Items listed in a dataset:
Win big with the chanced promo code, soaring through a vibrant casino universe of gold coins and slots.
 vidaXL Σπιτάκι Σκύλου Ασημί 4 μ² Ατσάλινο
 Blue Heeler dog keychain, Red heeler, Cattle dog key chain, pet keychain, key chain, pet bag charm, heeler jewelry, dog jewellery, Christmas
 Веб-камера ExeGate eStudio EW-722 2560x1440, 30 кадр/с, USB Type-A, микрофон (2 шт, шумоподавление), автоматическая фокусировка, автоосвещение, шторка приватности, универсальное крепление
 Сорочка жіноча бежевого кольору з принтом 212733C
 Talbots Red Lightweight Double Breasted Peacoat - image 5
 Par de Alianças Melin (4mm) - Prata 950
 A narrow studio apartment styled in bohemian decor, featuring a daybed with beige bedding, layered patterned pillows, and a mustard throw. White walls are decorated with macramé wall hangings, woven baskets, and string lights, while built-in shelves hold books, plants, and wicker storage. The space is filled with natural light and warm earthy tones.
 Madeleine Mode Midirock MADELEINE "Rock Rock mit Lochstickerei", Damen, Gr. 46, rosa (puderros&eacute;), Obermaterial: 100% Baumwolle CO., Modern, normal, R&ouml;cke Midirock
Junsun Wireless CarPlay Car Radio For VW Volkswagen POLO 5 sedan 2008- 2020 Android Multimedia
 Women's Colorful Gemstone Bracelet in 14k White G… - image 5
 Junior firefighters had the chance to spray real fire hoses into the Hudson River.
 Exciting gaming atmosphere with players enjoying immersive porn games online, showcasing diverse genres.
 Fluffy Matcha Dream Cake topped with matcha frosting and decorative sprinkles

> **WHAT YOU WILL DO**
Looking over the entries above, how many lines contain the string "White"? State the number and nothing else.

> **WORKED SOLUTION**
2